Una tropa de curas y militares detrás del enano gallego unitesticular, a quien llevan
bajo palio.
Es otra cosa, una sensación tierna, emotiva, que viene del pasado, si, una especie de ungüento que trata de curar, inutilmente, las carencias de una ausencia que, misteriosamente, se hacen mas presentes con el paso del tiempo. No sé. No puedo explicarlo.
Mi padre no fue un tipo corriente. A los ocho años jugaba al golfo en timbas que se
situaban en una calle del barrio chino, donde vivía, y el público se agolpaba a su
alrededor para apostar por el, porque tenía una habilidad innata para jugar a las cartas.
Cuando acababa la partida cogía el carro de mano cargado de carbón y se iba a vender
carbón a domicilio. De mayor fue estibador y ejerció esa profesión hasta que se jubiló, pero cuando volvía a casa con la ropa de faena, se duchaba en la ducha improvisada en el corral, se vestía como los toreros de la época cuando no toreaban
y se iba a jugar a las cartas al Ateneo Mercantil, donde tenía una mesa reservada.

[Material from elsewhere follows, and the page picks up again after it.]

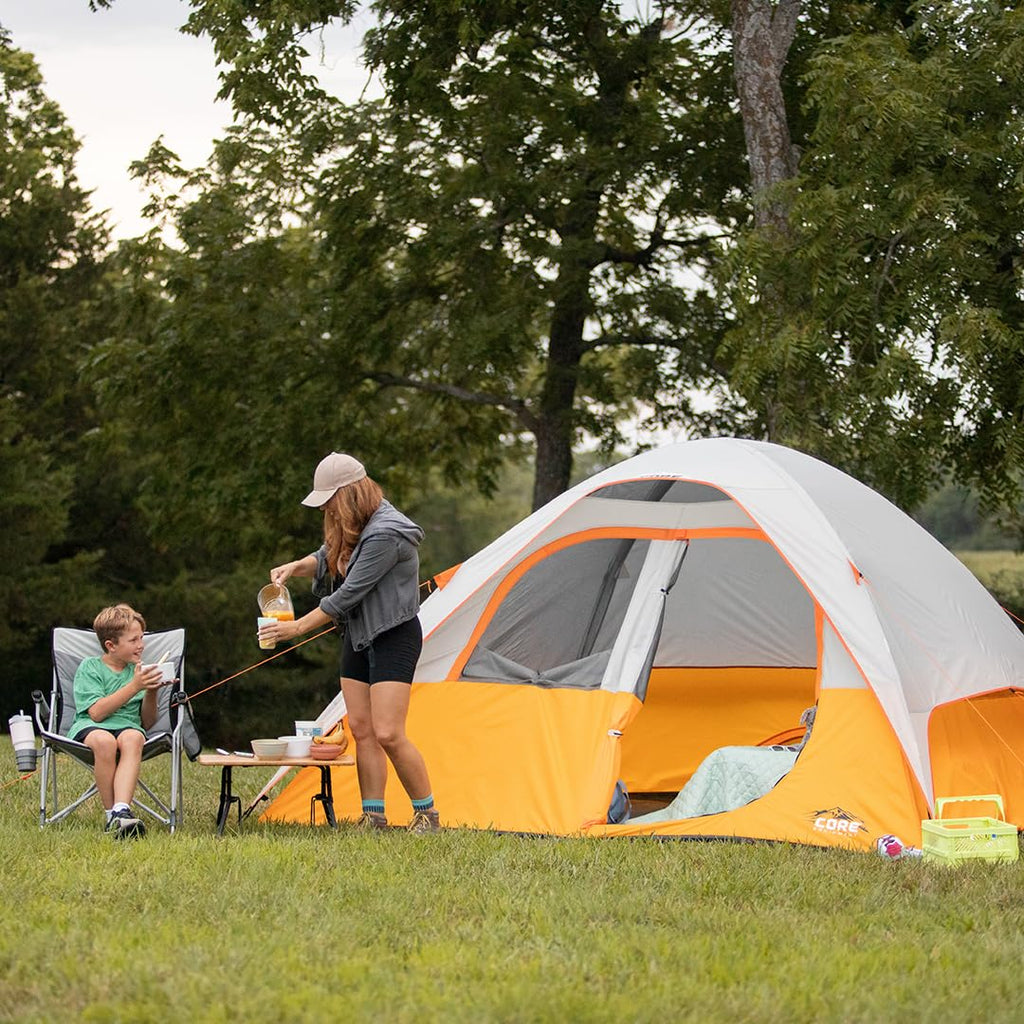 Core Tent 6 Person For Outdoor Family, Hiking, And Backpacking | Portable Dome Camp Tent With Storage Pockets For Camping Access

Su habilidad para el juego fue proverbial porque, aunque el no lo sabía, manejaba el cálculo de probabilidades y la estadística teórica como un catedrático de universidad,
pero además, nunca se dejó dominar por la pasión del juego, sino que la dominaba el,
no fue un ludópata, sino un jornalero que se ganaba un sobresueldo con esa habilidad.
Hasta tal punto esto es así, que en sus partidas del Ateneo se controlaba para no ganar mas de la cuenta a los primos que le acompañaban, para evitar que se le acabara
el flujo de modestas ganancias que constituían su objetivo.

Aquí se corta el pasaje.